Throughout the 1980s and 1990s, First Union and NCNB undertook bullish acquisition strategies, taking control of banks across the southern states. When all of the southern banks were consolidated, they looked to acquire nationally. In 1991, after acquiring Atlanta-based C&S Sovran Corp., NCNB became NationsBank. Seven years later, it became Bank of America when it acquired San Francisco-based BankAmerica. Through mergers, First Union eventually became Wachovia.
Other sectors of the Charlotte economy also started to thrive. Duke Energy, based in Charlotte, grew to become the largest electric holding company in the country. US Airways, which acquired Piedmont in 1987, made Charlotte a hub, increasing the number of flights coming in and out of the metro area. By 2007, Charlotte Douglas was the fastest growing airport in the United States, adding 13 percent more passengers from the previous year.
But banking was – and still is – the biggest game in town. Charlotte is the second largest banking center in the country, behind only New York. And as the banks grew, thousands of workers and their families flocked to the city. There was only one problem: They had no place to live.
"When I was a boy I used to ride my horse out and herd cattle on our farm in what’s now south Charlotte," says city council member Andy Dulin. "When I was older, I used to do it on my motorcycle."
Dulin is one of two Republicans on the city council (there are nine Democrats). His district occupies a large portion of south Charlotte and many of the city’s wealthiest neighborhoods. According to Dulin, the land where he used to herd cattle is now a housing development called Raintree Country Club.
Before 1980, nearly all of the land south of Charlotte’s city limits was farmland. Thanks to favorable zoning and the availability of space, much of it has now been converted to housing, retail, schools and other infrastructure necessities. The banks needed workers. The workers needed homes and places to shop.
As the suburbs grew, so did the city. North Carolina law allows cities to annex communities that are adjacent to city limits. So as new, high-paid workers moved to Charlotte and moved into new housing developments, the city absorbed new neighborhoods. This quickly increased Charlotte's tax base and allowed large infrastructure improvement projects to move forward. (Find a map of Charlotte's annexation history here [PDF]).
Everything in south Charlotte is very new and very clean, and signs of wealth are undeniable. But the area lacks the architectural and historic charm common in cities around the South. As you move away from the city center, homes become more generic. Many housing developments are comprised of seemingly identical McMansions and have names like Ballantyne Commons and Piper Glen. Most of the stores and restaurants that occupy the hundreds of glistening new strip malls are high-end chains.

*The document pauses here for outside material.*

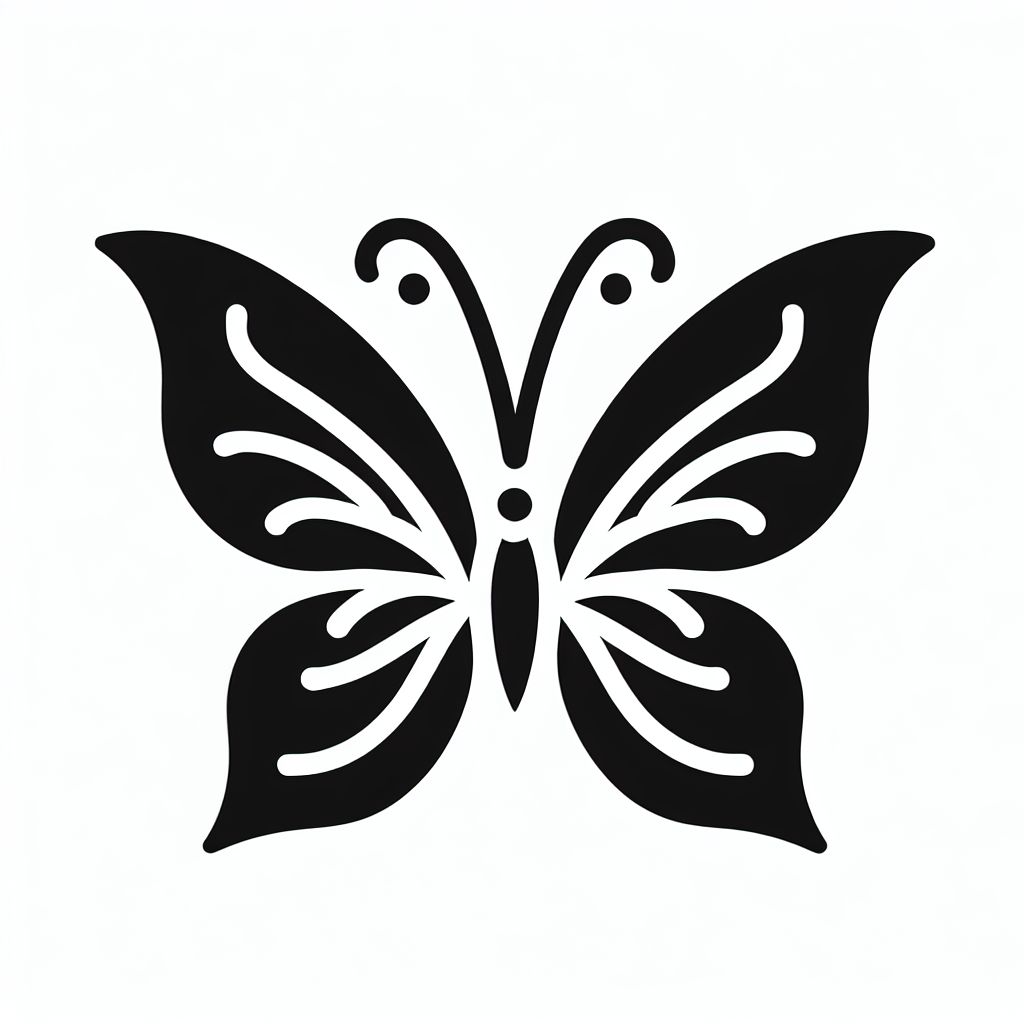 Butterfly Silhouette Logo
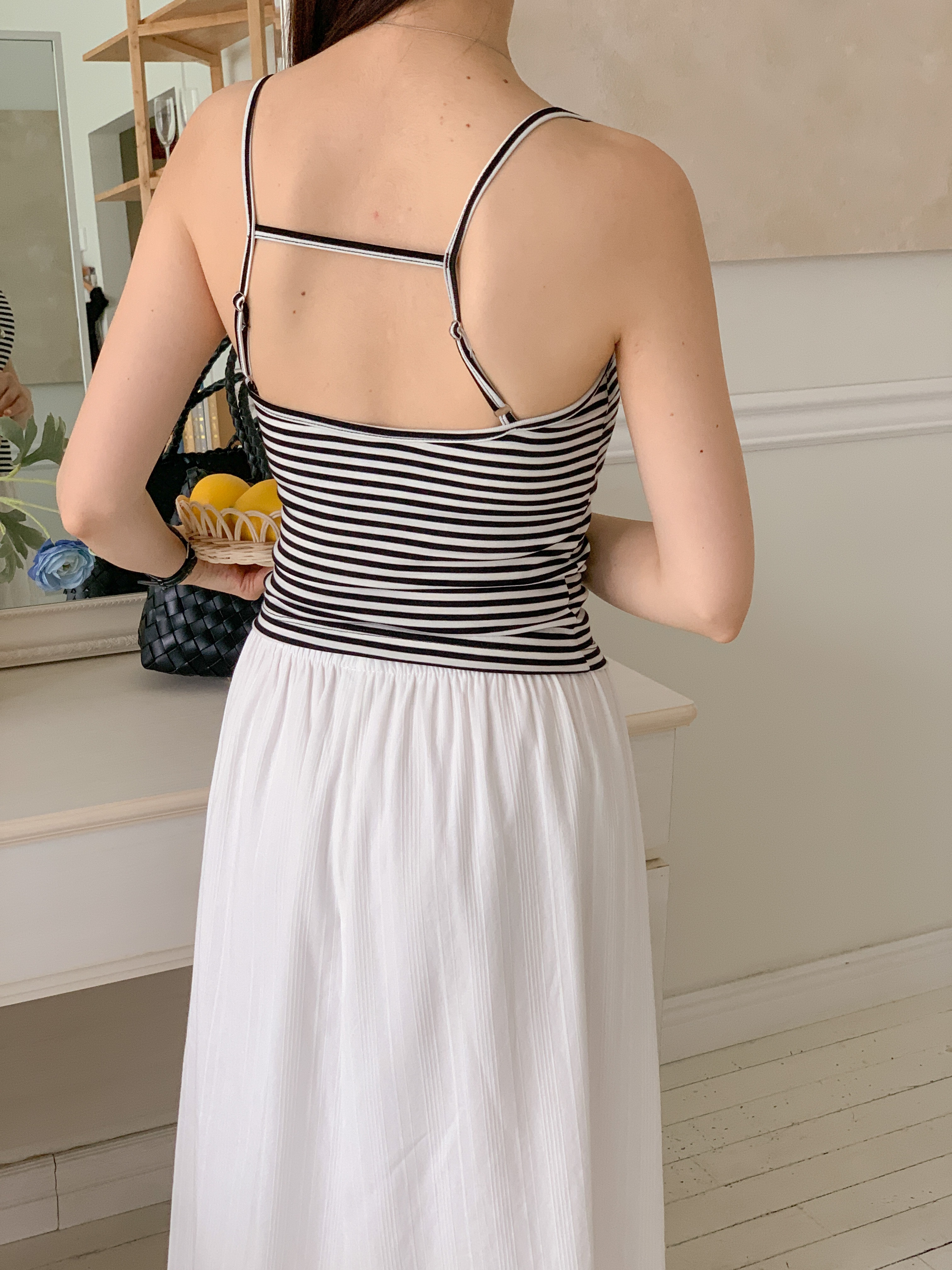 Uネックボーダーキャミソールカップ付 | 詳細画像13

Patsy Kinsey, a Charlotte native and city council member who represents an older area of Charlotte, proudly told me she didn’t come to south Charlotte and leaves her district only to get her Volvo fixed. "Our neighborhoods really strive to maintain their history, their feel," she says.
And south Charlotte’s convenience can be a bit off-putting: There were four Harris Teeter grocery stores within two miles of the house where I stayed while reporting this story. It’s also very easy to get lost: everything looks very similar.
But for nearly three decades, Charlotte’s growth seemed unstoppable. Interstate 485, the city’s beltway, connected south Charlotte with its bustling downtown, spurring more development. The National Basketball Association came, as did the National Football League. Banks kept adding jobs, bringing more and more people to the city.
Then the 2008 financial crisis hit, and everything started to fall apart.